LCP – MERCREDI 15 JANVIER À 20 H 30 – DOCUMENTAIRE
« Je n’admets pas qu’on soit des potentiels de rentabilité pour ces grandes entreprises qui encaissent des millions, des milliards. On n’est plus des personnes humaines. Pour moi, c’est inadmissible. J’en souffre. » Denise Sestier, 97 ans, a consigné dans un cahier les dysfonctionnements de la colocation pour personnes âgées où elle a vécu plusieurs mois : une résidence gérée par la société Ages & Vie, propriété du groupe privé commercial Clariane (ex-Korian).
Mme Sestier est un témoin-clé dans l’enquête de Laurence Delleur et Nathalie Amsellem sur les bons comptes des groupes privés qui tiennent, en Europe, le marché florissant de la grande vieillesse.
DomusVi, groupe français très implanté dans la péninsule Ibérique, est accusé de mauvaises prises en charge des résidents dans ses Ehpad par de nombreuses familles, mais aussi par des salariées. Hold-up sur les vieux évoque la proximité de l’ancienne directrice espagnole de DomusVi, Josefina Fernandez, avec un dirigeant du Parti populaire (droite), qui a longtemps contribué à l’impunité du groupe.
Rythmes de travail effrénés
Au Royaume-Uni, des fonds d’investissement ou de capital-risque sont à la tête de groupes d’Ehpad qui exigent une forte rentabilité. Le groupe Four Seasons Health Care a changé quatre fois de propriétaire, avant d’être placé sous administration judiciaire en 2019.
En Allemagne, où le secteur de l’aide à domicile est très développé, les entreprises privées emploient entre 300 000 et 600 000 aides à domicile, des femmes aux horaires flexibles, souvent étrangères, moins bien payées que le personnel allemand, avec des rythmes de travail effrénés, en général peu compatibles avec une bonne qualité des soins.

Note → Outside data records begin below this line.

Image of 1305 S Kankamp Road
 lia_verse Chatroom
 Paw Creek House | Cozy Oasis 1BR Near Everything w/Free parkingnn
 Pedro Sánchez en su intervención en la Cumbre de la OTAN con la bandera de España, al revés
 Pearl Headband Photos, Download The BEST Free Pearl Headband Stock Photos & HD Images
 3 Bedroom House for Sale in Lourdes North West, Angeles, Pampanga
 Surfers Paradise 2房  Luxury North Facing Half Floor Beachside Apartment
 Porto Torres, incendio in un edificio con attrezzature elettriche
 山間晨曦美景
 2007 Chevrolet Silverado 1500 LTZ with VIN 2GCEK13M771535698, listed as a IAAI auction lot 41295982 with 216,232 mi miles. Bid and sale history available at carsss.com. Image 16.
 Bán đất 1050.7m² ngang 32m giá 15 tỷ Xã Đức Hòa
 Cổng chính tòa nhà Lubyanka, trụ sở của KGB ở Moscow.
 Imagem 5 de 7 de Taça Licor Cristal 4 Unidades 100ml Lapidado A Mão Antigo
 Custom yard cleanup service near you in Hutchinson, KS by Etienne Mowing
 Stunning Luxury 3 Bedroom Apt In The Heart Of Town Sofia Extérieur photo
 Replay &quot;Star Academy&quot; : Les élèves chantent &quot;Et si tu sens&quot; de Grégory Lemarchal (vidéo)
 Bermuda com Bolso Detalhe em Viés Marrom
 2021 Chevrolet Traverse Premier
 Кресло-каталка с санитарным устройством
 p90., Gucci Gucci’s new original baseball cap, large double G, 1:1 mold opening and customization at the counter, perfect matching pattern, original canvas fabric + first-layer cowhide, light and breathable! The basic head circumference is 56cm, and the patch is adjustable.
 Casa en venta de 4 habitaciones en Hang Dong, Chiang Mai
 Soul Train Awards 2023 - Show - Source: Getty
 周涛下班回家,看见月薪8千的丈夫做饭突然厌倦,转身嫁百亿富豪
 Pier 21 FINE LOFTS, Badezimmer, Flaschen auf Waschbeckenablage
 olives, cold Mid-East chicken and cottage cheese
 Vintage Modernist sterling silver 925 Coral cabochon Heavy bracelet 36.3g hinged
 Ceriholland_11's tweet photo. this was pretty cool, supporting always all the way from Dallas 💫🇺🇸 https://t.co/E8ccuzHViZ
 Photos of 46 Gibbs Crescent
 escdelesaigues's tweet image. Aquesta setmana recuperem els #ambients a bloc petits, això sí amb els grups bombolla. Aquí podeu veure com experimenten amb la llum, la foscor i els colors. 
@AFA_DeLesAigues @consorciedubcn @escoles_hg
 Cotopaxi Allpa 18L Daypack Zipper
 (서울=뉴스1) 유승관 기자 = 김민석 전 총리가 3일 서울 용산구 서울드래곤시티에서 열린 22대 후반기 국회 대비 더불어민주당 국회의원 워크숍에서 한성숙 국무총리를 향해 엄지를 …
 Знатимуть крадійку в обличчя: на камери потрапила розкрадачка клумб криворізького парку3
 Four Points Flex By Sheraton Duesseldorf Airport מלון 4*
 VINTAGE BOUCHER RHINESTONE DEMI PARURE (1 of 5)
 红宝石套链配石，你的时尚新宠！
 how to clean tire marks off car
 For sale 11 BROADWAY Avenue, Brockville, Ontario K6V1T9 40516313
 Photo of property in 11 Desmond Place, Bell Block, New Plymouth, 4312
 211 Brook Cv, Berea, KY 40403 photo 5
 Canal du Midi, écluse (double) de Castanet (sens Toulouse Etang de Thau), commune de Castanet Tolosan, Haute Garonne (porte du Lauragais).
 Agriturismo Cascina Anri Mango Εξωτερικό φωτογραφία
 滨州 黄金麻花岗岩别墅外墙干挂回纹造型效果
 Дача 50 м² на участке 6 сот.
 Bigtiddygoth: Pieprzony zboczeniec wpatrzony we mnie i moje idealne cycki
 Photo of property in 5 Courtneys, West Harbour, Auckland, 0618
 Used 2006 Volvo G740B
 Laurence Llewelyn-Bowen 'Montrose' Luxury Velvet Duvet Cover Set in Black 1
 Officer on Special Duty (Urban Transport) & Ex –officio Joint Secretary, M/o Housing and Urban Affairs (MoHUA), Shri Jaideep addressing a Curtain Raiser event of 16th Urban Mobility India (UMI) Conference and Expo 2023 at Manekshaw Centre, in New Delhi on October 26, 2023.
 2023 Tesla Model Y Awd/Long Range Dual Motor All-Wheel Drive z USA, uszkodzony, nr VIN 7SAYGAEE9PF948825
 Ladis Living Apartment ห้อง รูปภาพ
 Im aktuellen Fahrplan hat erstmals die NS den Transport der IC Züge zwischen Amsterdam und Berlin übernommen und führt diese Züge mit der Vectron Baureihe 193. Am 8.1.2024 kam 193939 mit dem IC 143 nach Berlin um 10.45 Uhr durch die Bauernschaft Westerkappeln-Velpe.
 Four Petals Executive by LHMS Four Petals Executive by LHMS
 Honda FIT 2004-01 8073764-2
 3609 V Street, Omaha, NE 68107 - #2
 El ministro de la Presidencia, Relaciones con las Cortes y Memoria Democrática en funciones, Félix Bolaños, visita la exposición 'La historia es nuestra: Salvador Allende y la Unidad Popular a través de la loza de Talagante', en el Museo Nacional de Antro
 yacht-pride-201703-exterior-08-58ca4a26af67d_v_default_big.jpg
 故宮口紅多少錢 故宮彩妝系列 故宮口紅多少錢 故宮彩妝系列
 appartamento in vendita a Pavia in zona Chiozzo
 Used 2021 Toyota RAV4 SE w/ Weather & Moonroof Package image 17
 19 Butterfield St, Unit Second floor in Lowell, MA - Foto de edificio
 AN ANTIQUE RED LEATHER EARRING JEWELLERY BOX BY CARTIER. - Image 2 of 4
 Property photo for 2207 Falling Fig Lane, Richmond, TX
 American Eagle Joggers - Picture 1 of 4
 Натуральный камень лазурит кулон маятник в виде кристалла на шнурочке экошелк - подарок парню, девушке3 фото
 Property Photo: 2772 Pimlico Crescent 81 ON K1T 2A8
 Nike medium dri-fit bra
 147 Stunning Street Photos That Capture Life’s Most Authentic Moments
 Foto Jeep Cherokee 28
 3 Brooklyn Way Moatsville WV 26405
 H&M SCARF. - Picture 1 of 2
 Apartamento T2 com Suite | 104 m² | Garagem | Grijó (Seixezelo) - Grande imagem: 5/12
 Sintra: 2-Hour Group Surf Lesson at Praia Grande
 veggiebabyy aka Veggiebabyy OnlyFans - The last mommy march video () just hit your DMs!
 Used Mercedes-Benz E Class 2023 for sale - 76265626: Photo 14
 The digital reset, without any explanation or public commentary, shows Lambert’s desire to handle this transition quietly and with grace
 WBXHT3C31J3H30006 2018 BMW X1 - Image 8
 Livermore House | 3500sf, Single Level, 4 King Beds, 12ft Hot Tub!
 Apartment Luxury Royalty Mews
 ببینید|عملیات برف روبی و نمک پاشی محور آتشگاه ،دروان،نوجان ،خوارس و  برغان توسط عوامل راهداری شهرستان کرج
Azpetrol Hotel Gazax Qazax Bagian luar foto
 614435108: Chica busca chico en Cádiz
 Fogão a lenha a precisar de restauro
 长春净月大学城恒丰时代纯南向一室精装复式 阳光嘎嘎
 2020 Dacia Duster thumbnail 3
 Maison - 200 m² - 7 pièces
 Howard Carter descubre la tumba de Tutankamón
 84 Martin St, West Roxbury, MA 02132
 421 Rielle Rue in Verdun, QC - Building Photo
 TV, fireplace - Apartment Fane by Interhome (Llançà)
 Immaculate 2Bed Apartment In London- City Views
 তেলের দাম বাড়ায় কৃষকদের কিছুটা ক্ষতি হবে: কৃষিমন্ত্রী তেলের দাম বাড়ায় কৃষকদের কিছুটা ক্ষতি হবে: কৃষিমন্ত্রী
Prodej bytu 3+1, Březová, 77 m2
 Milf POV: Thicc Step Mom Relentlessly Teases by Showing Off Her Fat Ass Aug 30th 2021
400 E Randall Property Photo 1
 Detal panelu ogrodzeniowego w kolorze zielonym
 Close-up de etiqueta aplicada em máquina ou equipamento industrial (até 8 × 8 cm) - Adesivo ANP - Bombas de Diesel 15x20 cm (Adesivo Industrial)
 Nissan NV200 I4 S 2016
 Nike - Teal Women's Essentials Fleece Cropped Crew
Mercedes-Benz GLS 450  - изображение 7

Entre ces trois pays, un point commun : la puissance publique a délégué aux acteurs privés la prise en charge des très âgés. « On les a encouragés à entrer dans ce secteur. Et, aujourd’hui, on leur reproche de financer leurs actionnaires, mais c’est leur travail. C’est leur raison d’être », remarque l’économiste Ilona Delouette.
L’enquête fait l’impasse sur les manquements des maisons de retraite publiques. Mais elle alerte, de façon percutante, sur les dangers d’une Europe livrée aux « profiteurs de vieillesse ».
Les enjeux budgétaires ne sont pas seuls en cause. Le regard négatif de la société sur le grand âge encourage les gouvernants à ne pas leur accorder l’attention qu’ils requièrent. En Europe, le Danemark fait figure de contre-modèle. L’Etat et les communes y financent massivement les aides aux seniors, incités à vivre chez eux. Mais le modèle danois est critiqué dans le pays, car il coûte cher aux contribuables.
Hold-up sur les vieux, documentaire de Laurence Delleur et Nathalie Amsellem (Fr., 2024, 52 min).